──────── DATA SUPPLIED

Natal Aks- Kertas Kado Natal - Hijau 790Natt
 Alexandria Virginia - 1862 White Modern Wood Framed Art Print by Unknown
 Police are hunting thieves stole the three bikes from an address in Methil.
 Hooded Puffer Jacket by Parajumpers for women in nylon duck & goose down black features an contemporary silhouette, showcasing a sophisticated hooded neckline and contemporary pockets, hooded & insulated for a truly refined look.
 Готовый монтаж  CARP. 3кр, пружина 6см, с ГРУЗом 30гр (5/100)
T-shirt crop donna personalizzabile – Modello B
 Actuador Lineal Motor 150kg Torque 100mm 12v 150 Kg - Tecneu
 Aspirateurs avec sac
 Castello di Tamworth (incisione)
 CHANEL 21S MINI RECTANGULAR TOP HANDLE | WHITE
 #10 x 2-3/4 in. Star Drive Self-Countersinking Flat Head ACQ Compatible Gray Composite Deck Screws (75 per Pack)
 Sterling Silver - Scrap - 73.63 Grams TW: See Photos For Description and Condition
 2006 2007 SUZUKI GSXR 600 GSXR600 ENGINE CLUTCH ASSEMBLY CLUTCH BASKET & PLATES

────────────────

• [REQUIRED ACTION] Transcribe the records above exactly as they appear.

• [RESPONSE TO THE TASK]
Natal Aks- Kertas Kado Natal - Hijau 790Natt
 Alexandria Virginia - 1862 White Modern Wood Framed Art Print by Unknown
 Police are hunting thieves stole the three bikes from an address in Methil.
 Hooded Puffer Jacket by Parajumpers for women in nylon duck & goose down black features an contemporary silhouette, showcasing a sophisticated hooded neckline and contemporary pockets, hooded & insulated for a truly refined look.
 Готовый монтаж  CARP. 3кр, пружина 6см, с ГРУЗом 30гр (5/100)
T-shirt crop donna personalizzabile – Modello B
 Actuador Lineal Motor 150kg Torque 100mm 12v 150 Kg - Tecneu
 Aspirateurs avec sac
 Castello di Tamworth (incisione)
 CHANEL 21S MINI RECTANGULAR TOP HANDLE | WHITE
 #10 x 2-3/4 in. Star Drive Self-Countersinking Flat Head ACQ Compatible Gray Composite Deck Screws (75 per Pack)
 Sterling Silver - Scrap - 73.63 Grams TW: See Photos For Description and Condition
 2006 2007 SUZUKI GSXR 600 GSXR600 ENGINE CLUTCH ASSEMBLY CLUTCH BASKET & PLATES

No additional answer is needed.